Dem Vernehmen nach war Seehofer angesichts der Stuttgarter Krawalle selbst in Krawallstimmung verfallen, was ihn zu einem seiner üblichen Schnellschüsse verleitet habe. In dem Fall war es die Ankündigung in der montäglichen Bild-Zeitung, er werde „morgen als Bundesinnenminister Strafanzeige gegen die Kolumnistin wegen des unsäglichen Artikels in der taz über die Polizei stellen“. Die Begründung: „Eine Enthemmung der Worte führt unweigerlich zu einer Enthemmung der Taten und zu Gewaltexzessen, genauso wie wir es jetzt in Stuttgart gesehen haben. Das dürfen wir nicht weiter hinnehmen.“ Das kann man durchaus so sehen. Aber Seehofer ist eben kein Polizei-Gewerkschafter, sondern Mitglied der Bundesregierung. Und da sollte man sich mit derlei Verlautbarungen zumindest so lange zurückhalten, bis das juristische Terrain einigermaßen sondiert ist. Sonst droht nämlich die nächste Blamage.

Minderbegabte Satiriker

Nicht nur an den Spitzen der Unionsparteien fragen sich die Leute, was Seehofer diesmal wieder geritten hat.

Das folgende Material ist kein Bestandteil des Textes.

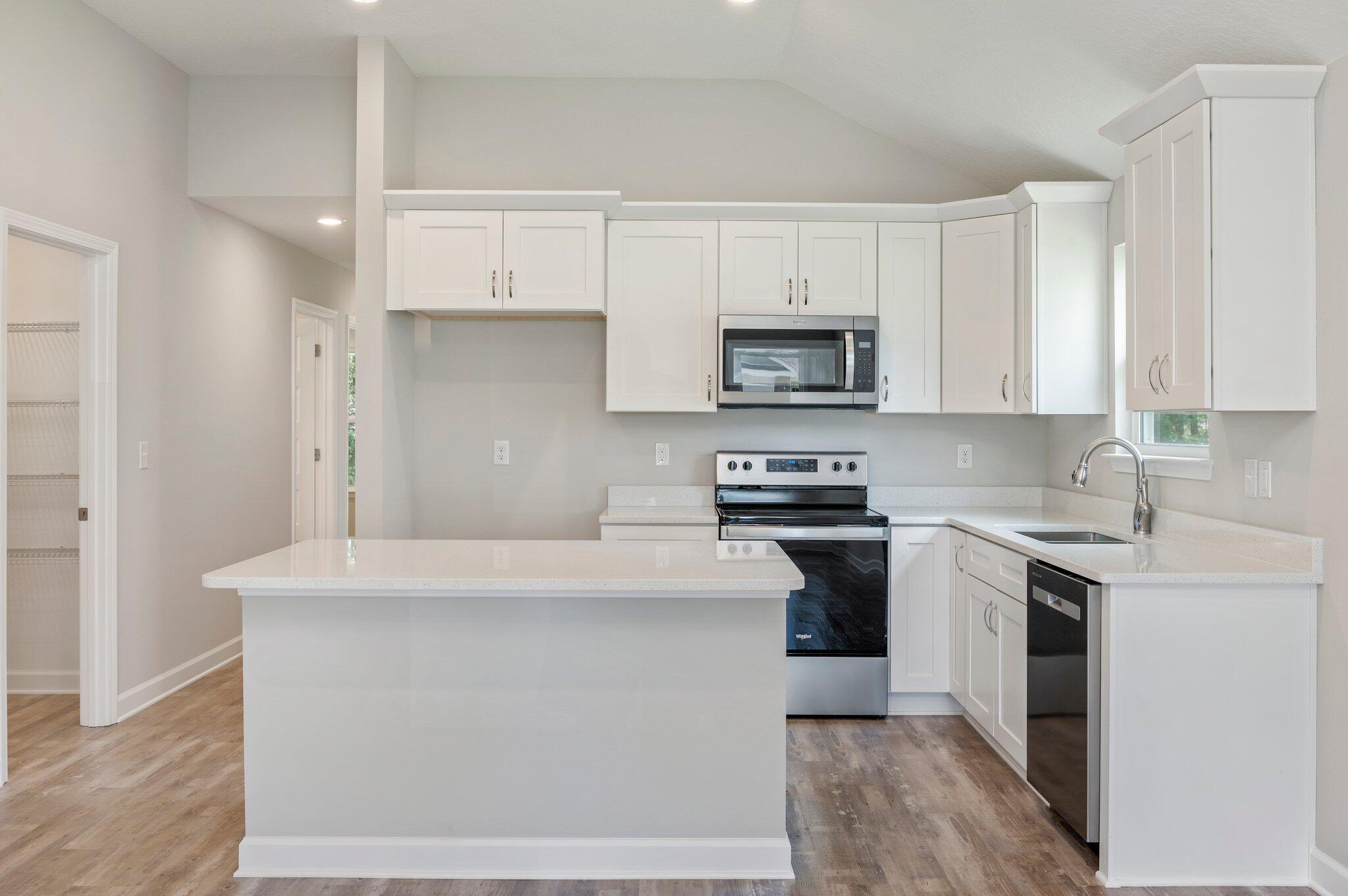 3158 Chestnut Street Crestview, FL 32539 - Photo 7 of 26 a kitchen with stainless steel appliances a stove a sink and a refrigerator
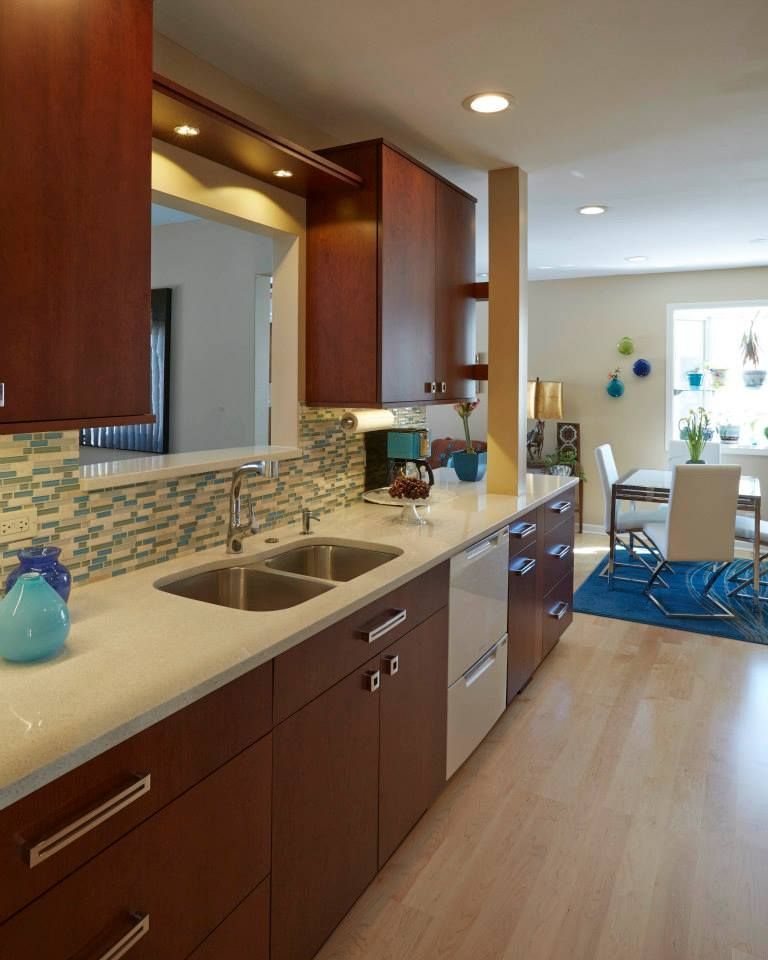 A kitchen with two sinks and a blue vase on the counter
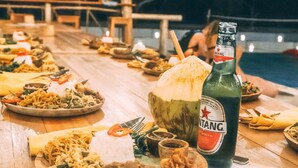 Ein Holztisch, gedeckt mit verschiedenen Speisen, einer Bierflasche und einer Kokosnuss.
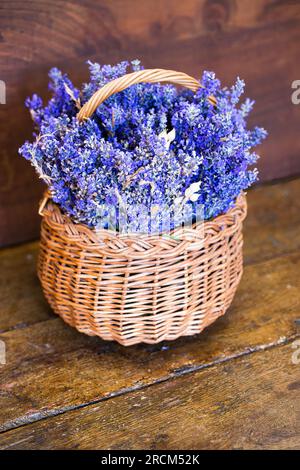 Lavanda fresca (Lavandula angustifolia) in un cestino di vimini su un tavolo di legno Foto Stock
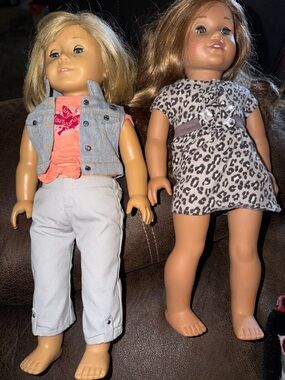 2 American Girl Dolls With An Outfit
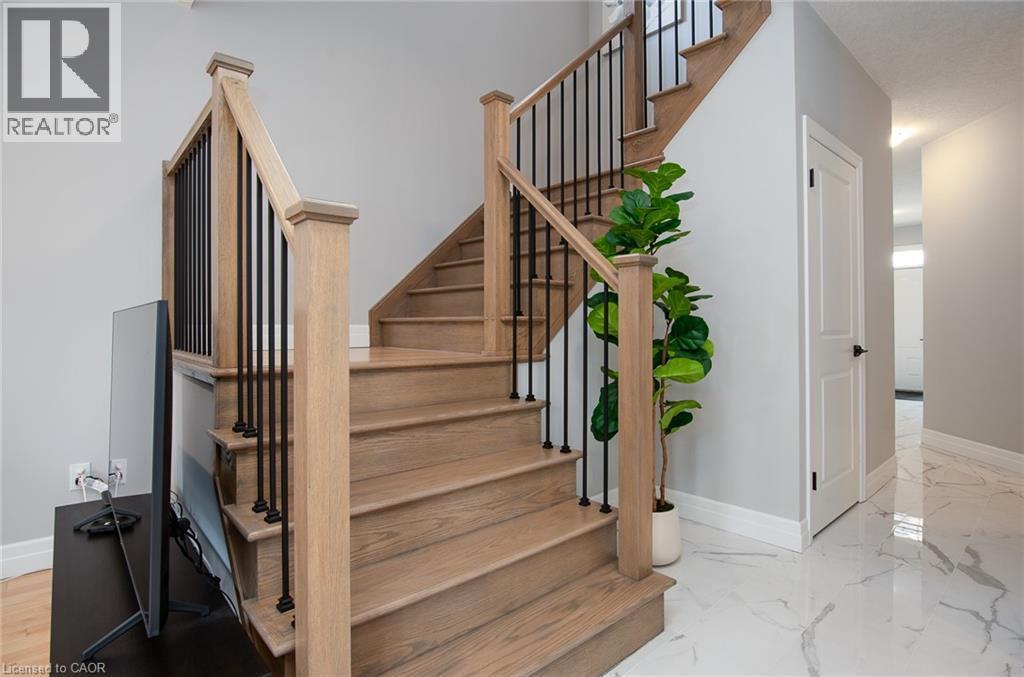 Stairs with baseboards - 346 Chokecherry Crescent, Waterloo, ON - Indoor Photo Showing Other Room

Denn in der Konsequenz würde sein Vorhaben ja bedeuten, dass er künftig in allen ähnlichen Fällen ebenfalls Anzeige erstatten müsste. Und weil Deutschland reich gesegnet ist mit unbegabten Satirikern, wäre da wohl einiges zu tun.

Womit wir bei Jan Böhmermann wären. Dessen Name steht denn auch prompt als erster unter einer Petition mit dem dramatischen Titel „Pressefreiheit statt Polizeigewalt!“, in der sich allerlei „Kulturproduzent_innen, Autor_innen, Journalist_innen und Bürger_innen einer offenen demokratischen Gesellschaft“ gegen Seehofers angekündigte Strafanzeige wenden. Es ist dies die endgültige Mutation des Politikums zur Farce, und zwar weniger wegen des in dem offenen Brief erhobenen Vorwurfs, der Innenminister würde (offenbar in scharfem Gegensatz zur taz-Autorin) mit seiner „gefährlichen Instrumentalisierung dieser Debatte“ die Gesellschaft spalten. Sondern wegen der Adressatin, an die Böhmermanns Epistel gerichtet ist: Deutschlands Regierungschefin höchstpersönlich. Oder wie Böhmermann und Gefolge untertänig schreiben: die „sehr geehrte Frau Bundeskanzlerin Dr. Angela Merkel“.

Ruf nach Mami

Da wendet sich also ein jammerlappiger Möchtegern-Satiriker, der sich einst wegen eines minder lustigen Schmähgedichts über den türkischen Präsidenten von der Kanzlerin im Stich gelassen gefühlt hatte, an eben diese Kanzlerin mit folgendem Anliegen: „Wir fordern, dass Bundesinnenminister Horst Seehofer seine angedrohte Strafanzeige gegen Hengameh Yaghoobifarah nicht stellt, sich entschuldigt und als Innenminister dafür sorgt, dass wir alle in Sicherheit unsere Arbeit machen und unsere Meinungen äußern können.“ Übersetzt auf die Bezugsgröße eines kleineren Familienkreises hieße das so in etwa: Mami, Mami, der Onkel Horst hat was ganz böses gesagt, der soll sich sofort bei mir entschuldigen!

Das ist alles so unfassbar peinlich, dass man es für einen Witz halten möchte. Es ist aber keiner. Und so endet das Stück dann eben doch nur als übliches Trauerspiel der deutschen Debattenkultur. Die nächste Inszenierung dürfte schon bald folgen.